Я сразу подался к Петровичу и с порога выдал ему все как на духу, что навсегда ушел из ненавистного усыновительского дома, и теперь буду жить у него. Дядька неодобрительно сощурился. Лицо его насупилось, от его взгляда мне сделалось не по себе. Петрович продолжал молчать, внутри меня все сжалось, я не на шутку заволновался.
– Петрович, так мне заходить или как? – я с надеждой посмотрел на дядьку, чувствуя неприятную пустоту внутри.
– Нет, – сурово произнес он. На багровом, мясистом лице Петровича еле проглядывали маленькие, злые глазки.
– Петрович, – ахнул я от неожиданности. – Ты шутишь?!
– Возвращайся к родителям, – хмурое и неприветливое лицо дядьки стало еще строже и холодным.
Я не поверил своим ушам, меня бросило в жар. Некоторое время, я как вкопанный стоял в коридоре, напряженно соображая, что к чему. Приподнятое настроение улетучилось – как не бывало.
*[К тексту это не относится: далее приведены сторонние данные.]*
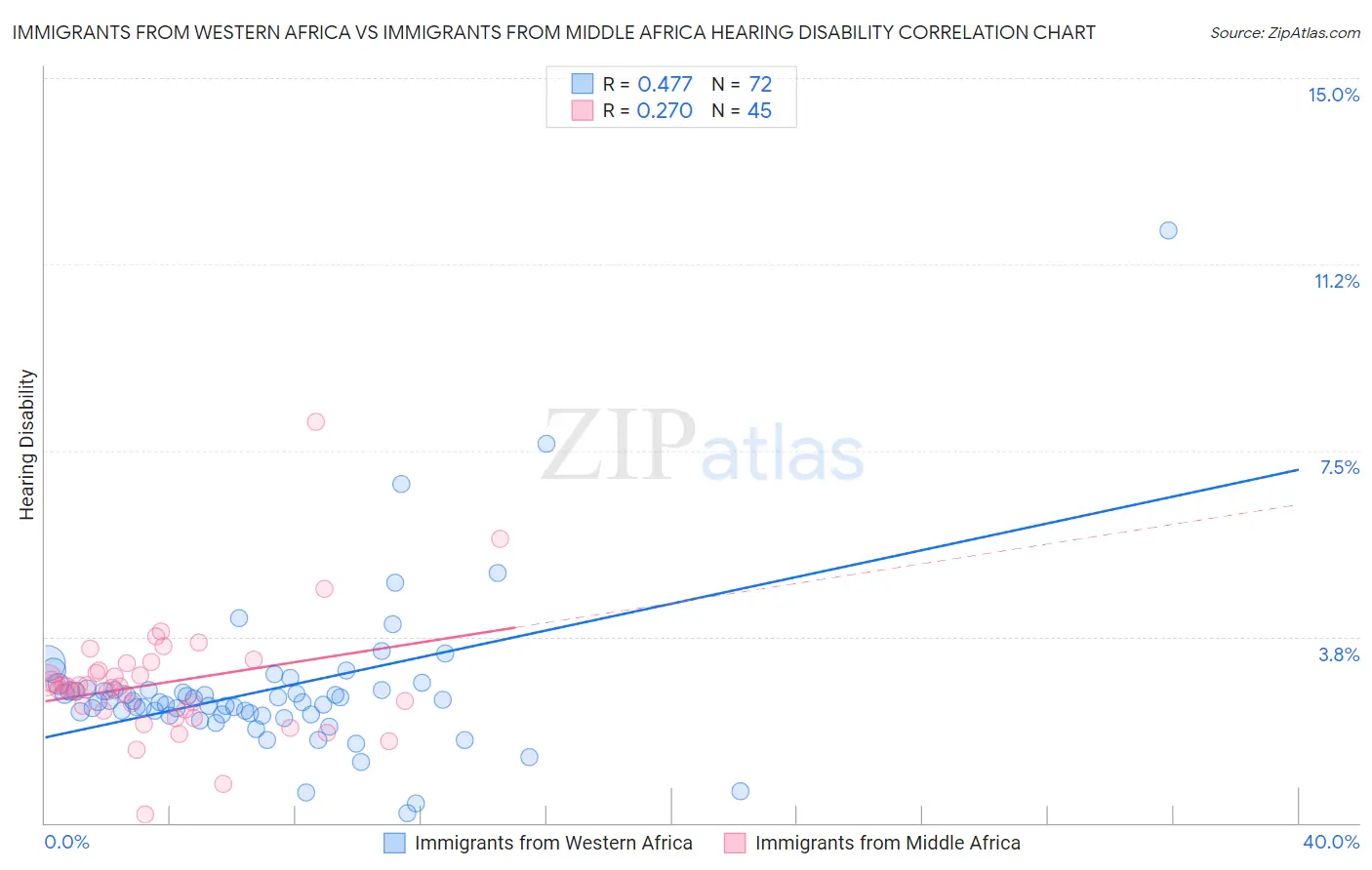 Immigrants from Western Africa vs Immigrants from Middle Africa Hearing Disability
В душе зародились дурные подозрения.
– Петрович, – взмолился я, мной овладела паника.
Он слушал мои всхлипы равнодушно спокойно, ни один мускул на его бульдожьем лице не дрогнул. Я поднял заплаканные глаза и понял, пропащее дело уговаривать дядьку. Мои, видать ему такое про меня уже напели, что, чтобы я ему сейчас не доказывал – все бесполезно.
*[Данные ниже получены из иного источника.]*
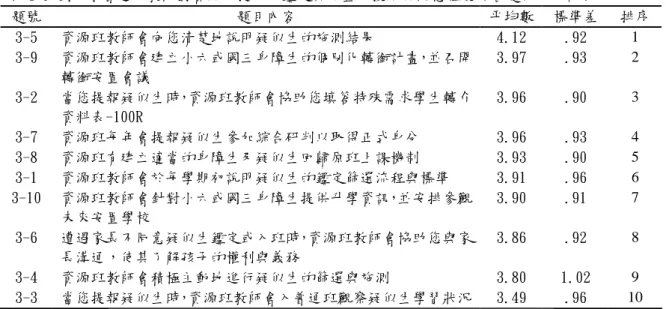 表 4-9 國中小普通班教師對資源班提供的鑑定與安置支援服務滿意程度之各題得分統計表  題號  題目內容  平均數  標準差  排序 3-5  資源班教師會向您清楚地說明疑似生的施測結果  4.12  .92  1  3-9  資源班教師會建立小六或國三身障生的個別化轉銜計畫，並召開 轉銜安置會議  3.97  .93  2  3-2  當您提報疑似生時，資源班教師會協助您填答特殊需求學生轉介 資料表-100R  3.96  .90  3  3-7  資源班每年會提報疑似生參加綜合研判以取得正式身分  3.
– Уходи! – коротко отрезал Петрович, сурово посмотрев на меня, без капли сожаления.
Меня словно окатили ледяным душем. Для меня было полнейшей неожиданностью предательство любимого дядьки. Это как будто тебя сильно ударили ногой в область мошонки, ты падаешь от боли на колени, жадно глотаешь жабрами воздух и не можешь выдавить из себя ни одного членораздельного слова, настолько тебя поглощает боль.
Я в нерешительности топтался на месте и спасительно смотрел на дядьку, в надежде. Что он сменит гнев на милость.
– Петрович, – пролепетал я, густо краснея. – У меня кроме тебя никого нет, – по моим глазам покатились крупные слезы, они медленно стекали по щеке к губам. – Не выгоняй меня, пожалуйста, – я с мольбой уставился на него.
Установилось напряженное и неприятное молчание.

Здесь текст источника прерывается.